What you need to do:
What is needed is an exact copy of all the records.

(Beginning of Available records)

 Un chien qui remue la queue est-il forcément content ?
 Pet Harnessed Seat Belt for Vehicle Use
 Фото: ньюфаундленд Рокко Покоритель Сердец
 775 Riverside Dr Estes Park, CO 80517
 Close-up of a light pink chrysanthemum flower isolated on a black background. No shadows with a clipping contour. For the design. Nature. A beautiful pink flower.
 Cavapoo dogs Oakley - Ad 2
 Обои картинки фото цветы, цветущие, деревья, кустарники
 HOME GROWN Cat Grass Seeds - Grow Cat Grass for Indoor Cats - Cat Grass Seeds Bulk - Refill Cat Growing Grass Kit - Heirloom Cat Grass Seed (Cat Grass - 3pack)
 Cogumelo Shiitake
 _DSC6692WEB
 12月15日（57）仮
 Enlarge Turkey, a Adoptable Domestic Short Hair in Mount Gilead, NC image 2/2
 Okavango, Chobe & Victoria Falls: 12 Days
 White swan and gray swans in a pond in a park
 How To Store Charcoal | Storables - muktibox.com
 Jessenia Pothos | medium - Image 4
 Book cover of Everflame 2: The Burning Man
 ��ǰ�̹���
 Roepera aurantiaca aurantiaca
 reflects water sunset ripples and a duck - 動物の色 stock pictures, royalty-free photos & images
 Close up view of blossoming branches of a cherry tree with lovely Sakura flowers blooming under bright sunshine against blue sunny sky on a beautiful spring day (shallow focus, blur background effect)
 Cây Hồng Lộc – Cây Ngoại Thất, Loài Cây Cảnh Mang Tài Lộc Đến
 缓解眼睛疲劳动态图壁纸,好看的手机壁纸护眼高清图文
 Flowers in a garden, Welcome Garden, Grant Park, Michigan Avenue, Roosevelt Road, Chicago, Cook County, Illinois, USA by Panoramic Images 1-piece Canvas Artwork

(End of Available records)

Response to this task:
 Un chien qui remue la queue est-il forcément content ?
 Pet Harnessed Seat Belt for Vehicle Use
 Фото: ньюфаундленд Рокко Покоритель Сердец
 775 Riverside Dr Estes Park, CO 80517
 Close-up of a light pink chrysanthemum flower isolated on a black background. No shadows with a clipping contour. For the design. Nature. A beautiful pink flower.
 Cavapoo dogs Oakley - Ad 2
 Обои картинки фото цветы, цветущие, деревья, кустарники
 HOME GROWN Cat Grass Seeds - Grow Cat Grass for Indoor Cats - Cat Grass Seeds Bulk - Refill Cat Growing Grass Kit - Heirloom Cat Grass Seed (Cat Grass - 3pack)
 Cogumelo Shiitake
 _DSC6692WEB
 12月15日（57）仮
 Enlarge Turkey, a Adoptable Domestic Short Hair in Mount Gilead, NC image 2/2
 Okavango, Chobe & Victoria Falls: 12 Days
 White swan and gray swans in a pond in a park
 How To Store Charcoal | Storables - muktibox.com
 Jessenia Pothos | medium - Image 4
 Book cover of Everflame 2: The Burning Man
 ��ǰ�̹���
 Roepera aurantiaca aurantiaca
 reflects water sunset ripples and a duck - 動物の色 stock pictures, royalty-free photos & images
 Close up view of blossoming branches of a cherry tree with lovely Sakura flowers blooming under bright sunshine against blue sunny sky on a beautiful spring day (shallow focus, blur background effect)
 Cây Hồng Lộc – Cây Ngoại Thất, Loài Cây Cảnh Mang Tài Lộc Đến
 缓解眼睛疲劳动态图壁纸,好看的手机壁纸护眼高清图文
 Flowers in a garden, Welcome Garden, Grant Park, Michigan Avenue, Roosevelt Road, Chicago, Cook County, Illinois, USA by Panoramic Images 1-piece Canvas Artwork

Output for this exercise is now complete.